PROBLEM:
Could you give the data that follows again exactly, without its pictures?

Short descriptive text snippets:

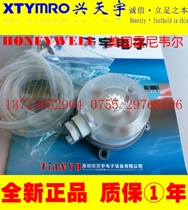 New IN Stock DPS400 DPS200 DPS2500 DPS1000 A Differential Pressure Switch HONEYWELL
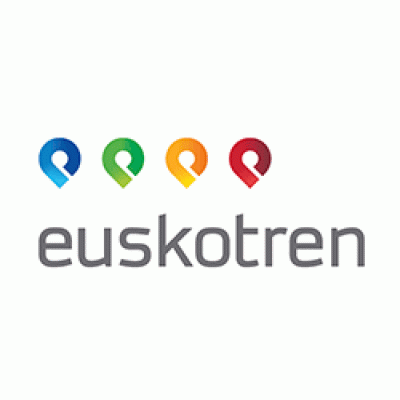 Euskotren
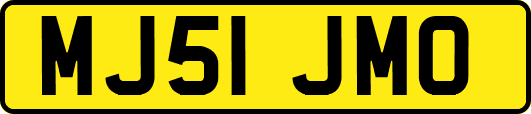 MJ51JMO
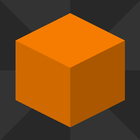 ikon CubeTube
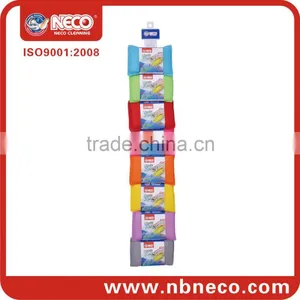 Kitchen Scrubber Scouring Pad Other Household Cleaning Accessories thumbnail-1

EXERCISE RESULT:
 New IN Stock DPS400 DPS200 DPS2500 DPS1000 A Differential Pressure Switch HONEYWELL
 Euskotren
 MJ51JMO
 ikon CubeTube
 Kitchen Scrubber Scouring Pad Other Household Cleaning Accessories thumbnail-1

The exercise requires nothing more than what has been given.